Je lui souri en réponse, et je pose mon livre pour commencer à discuter. L'échange scolaire ne dure qu'une petite semaine, je peux bien faire une pause dans mes études.
À suivre…
Oui, j'ai donné à Fleur le même âge qu'à Ryry. Parce que c'est bien mieux pour la suite de la fic. Et oui, je sais, elle NOUS semble un peu jeune pour faire un tel voyage toute seule. Mais pour ça, il faut prendre en compte qu'elle fait partie d'une autre culture que la notre, celle des vélanes, avec un point de vue sur la question différent du nôtre.

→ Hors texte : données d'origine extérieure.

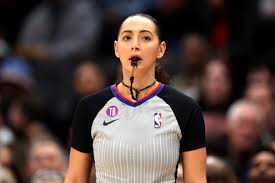 Phụ nữ thứ hai được chọn làm trọng tài cho vòng loại giải NBA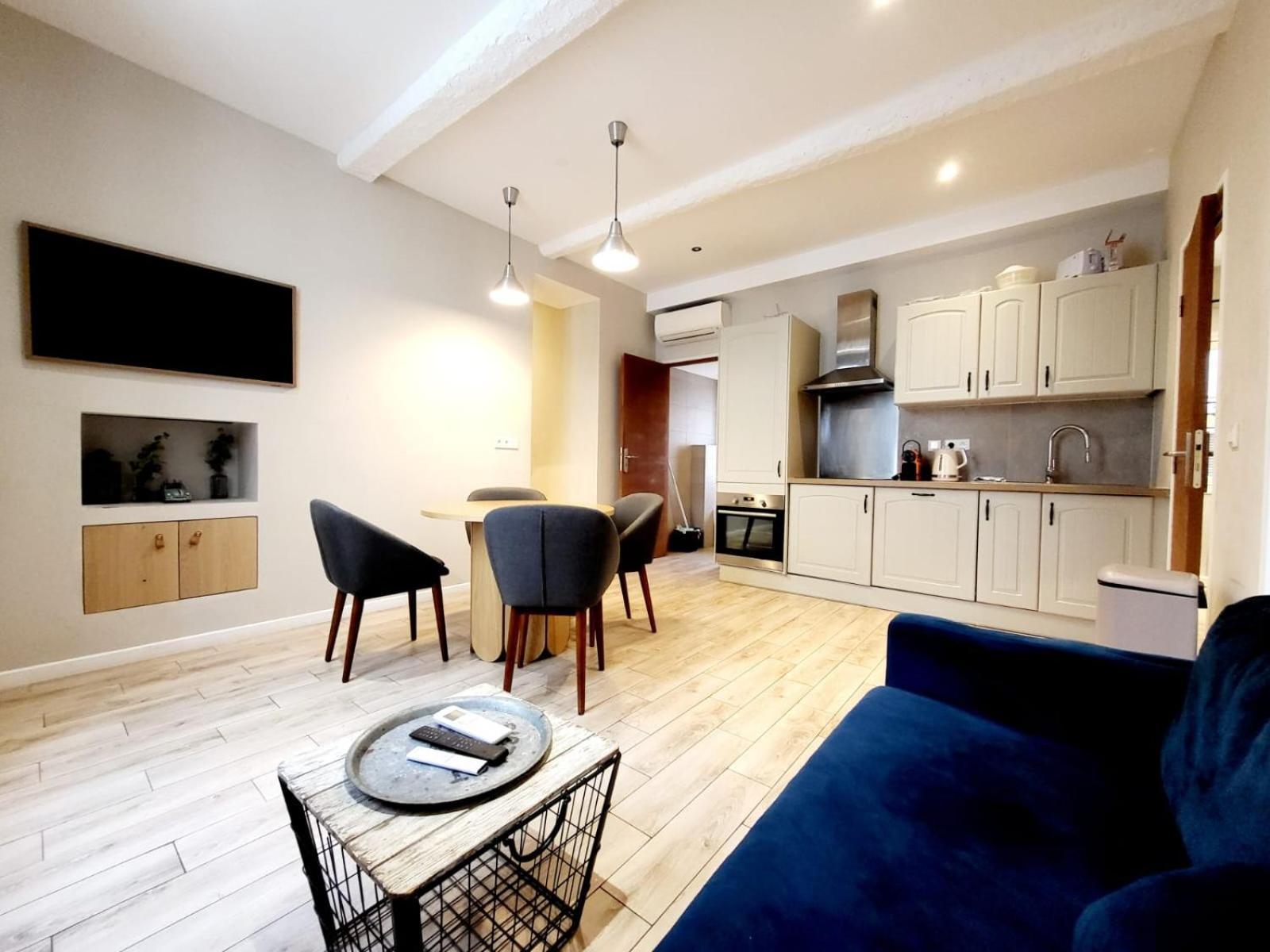 Le Sade 1er Et Le Sade 2nd - 2 Au Coeur D'antibes Appartement *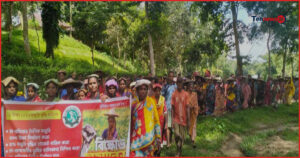 কুলাউড়ায় চা-শ্রমিকদের দৈনিক ৫০০ টাকা মজুরির দাবিতে বিক্ষোভ সমাবেশ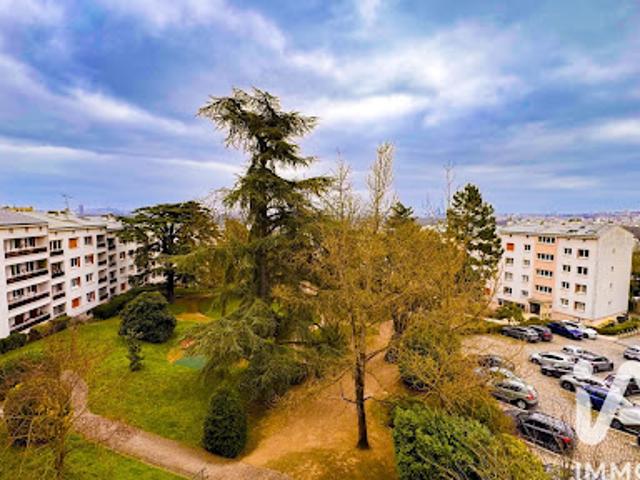 Vente Appartement 5 pièces 106 m2 Suresnes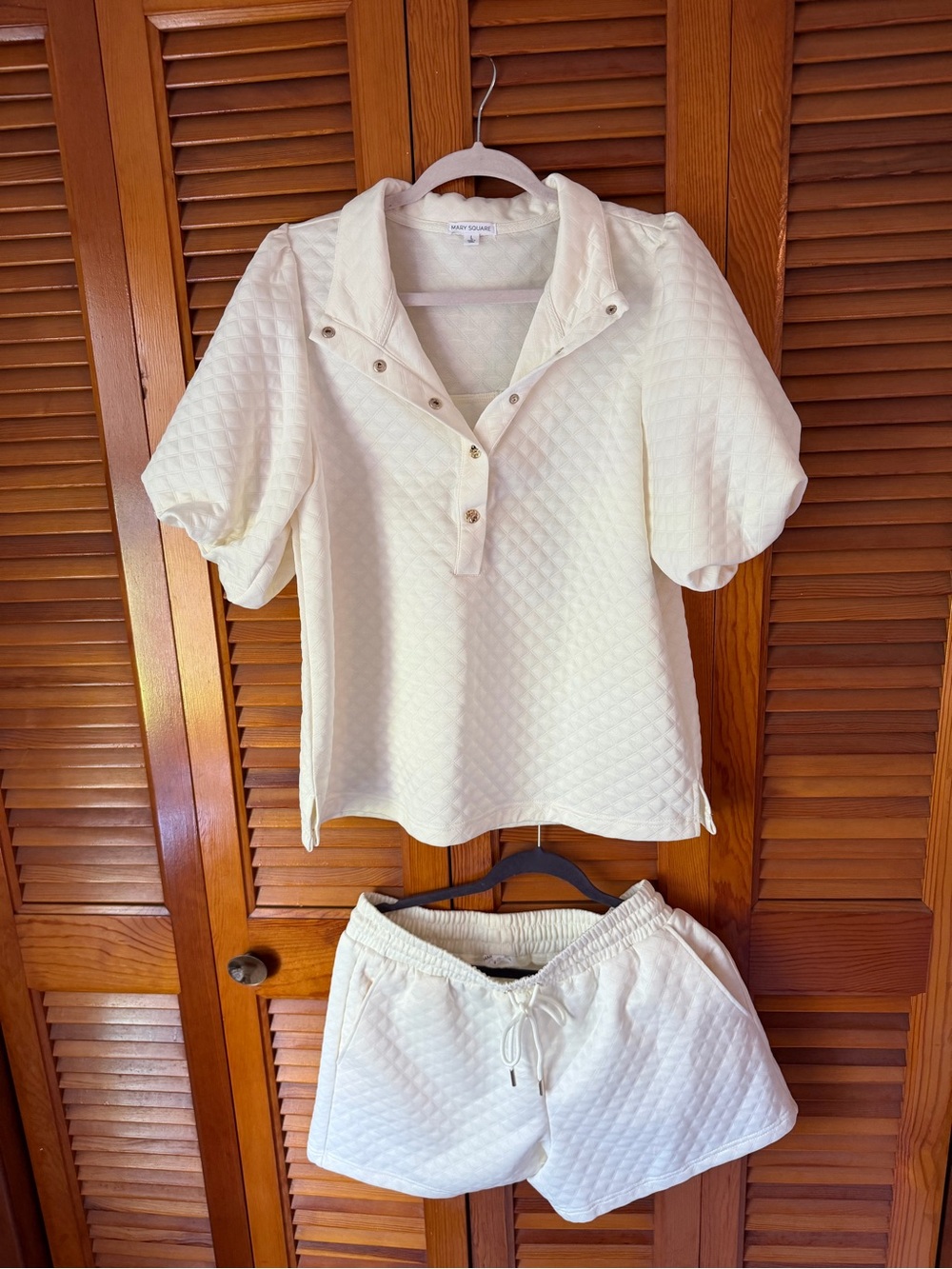 Mary Square Quilted Set Cream Puff Sleeve Top & Shorts Gold Button Size L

Quelques commentaires svp ? Paraît que ça aide à lutter contre la solitude…
…
I. Quidditcher en version anglaise, Quidditcheur en version française : joueur de quidditch.
II. Cette scène est un fantasme de fanfictioneur HP enfin accompli ! Mouahaha !
III. Le syndrome du savant : forme d'autisme très particulière se caractérisant par le fait que les personnes en étant atteintes possèdent des capacités cognitives hors-normes dans un ou plusieurs domaines précis, et frôlant l'incroyable tant elles sont impressionnantes. Il est fréquent que cette particularité ne soit accompagnée d'aucun aspect négatif, et ne puisse donc être décelée qu'après examen approfondi, la personne étant alors simplement vue comme un « génie ». Bien entendu, Harry n'est pas le moins du monde autiste, mais comme il est le seul à connaître la vérité, c'est l'une des explications les plus plausibles que peuvent concevoir des adultes.
IV. « Répétez après moi les enfants ! Èh… bi… si… di… » : Prononciation de l'alphabet anglais.
V. La physique classiquedont Harry apprend les équations : tout ce qui à voir avec ce qu'on apprend au lycée. Rien à voir avec Einstein ou la physique quantique, je vous rassure. Il n'est pas Mgary Sue non plus, n'oubliez pas qu'au delà de son petit corps, il est âgé de plus de dix-huit ans.